Lors de la tournée de novembre, face à l’Afrique du Sud, vous aviez été victime d’un déblayage particulièrement violent. Ce précédent a-t-il eu une influence sur votre réaction ?
C’est possible… C’est vrai que l’action y ressemble. Je me suis d’ailleurs demandé si inconsciemment, lui aussi n’avait pas été influencé par le précédent avec Du Toit. Mais cette réaction, c’est aussi mon caractère ! C’est moi qui ai pris le « coup de cabine », personne d’autre (rires). Comme j’ai eu l’occasion d’en parler avec ma compagne également, il y a tellement d’actions dans le rugby où tu peux marquer ton adversaire dans les règles !
Ces épisodes ont-ils participé à vous sensibiliser encore plus à la question des commotions ?

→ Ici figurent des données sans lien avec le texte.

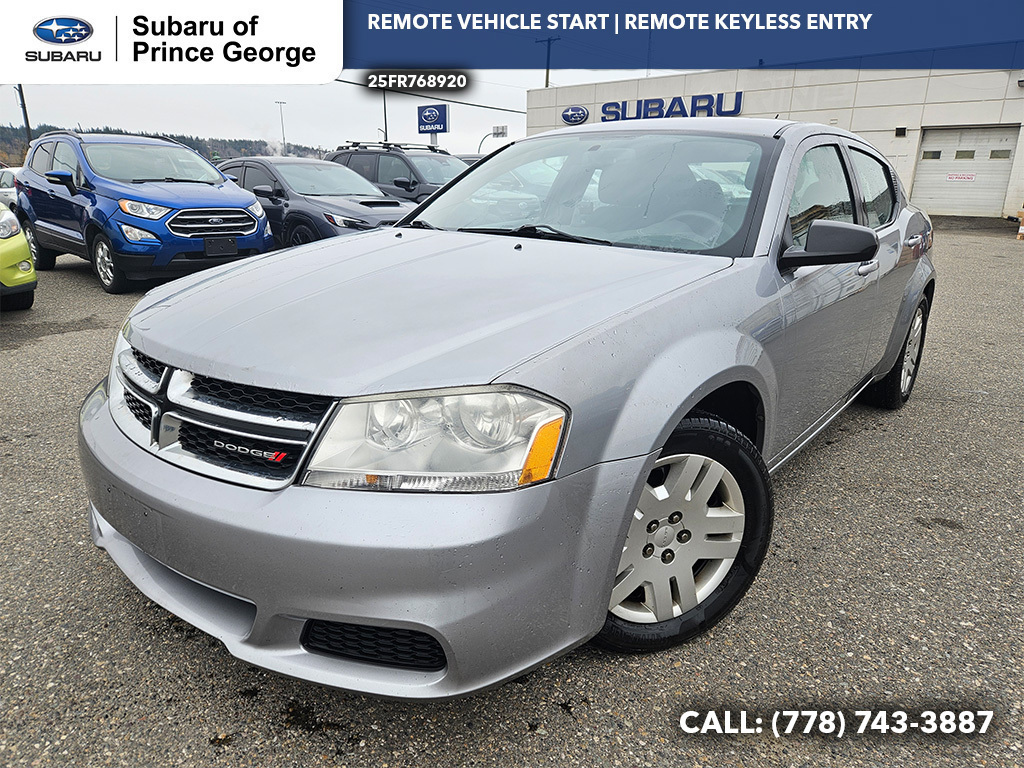 2013 Dodge Avenger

Je ne l’ignorais pas avant : on voit de plus en plus de joueurs qui arrêtent leur carrière suite à des commotions. Mais en subir une parce que je mets la tête du mauvais côté et que j’ai pris la hanche du type dans la gueule, c’est une chose. Une agression gratuite, c’en est une autre. C’est dans ces moments-là qu’il faut faire la part des choses.
Quel regard portez-vous sur le débat portant sur la dangerosité du rugby ?
Il y a tellement d’actions délicates à juger : les joueurs courent plus vite, les impacts sont plus forts, les temps de jeu plus longs amènent à des niveaux de fatigue plus élevés qu’auparavant… Depuis mes débuts en 2010, beaucoup de règles ont évolué malgré tout : les joueurs sont plus en sécurité.
(1) Le capitaine de Perpignan, auteur d’un coup de tête sur Jonathan Danty, a été reconnu coupable de brutalité. (2) Un élève de 17 ans est devenu tétraplégique après un plaquage lors d’un match de rugby scolaire à Tarbes (Hautes-Pyrénées) en décembre.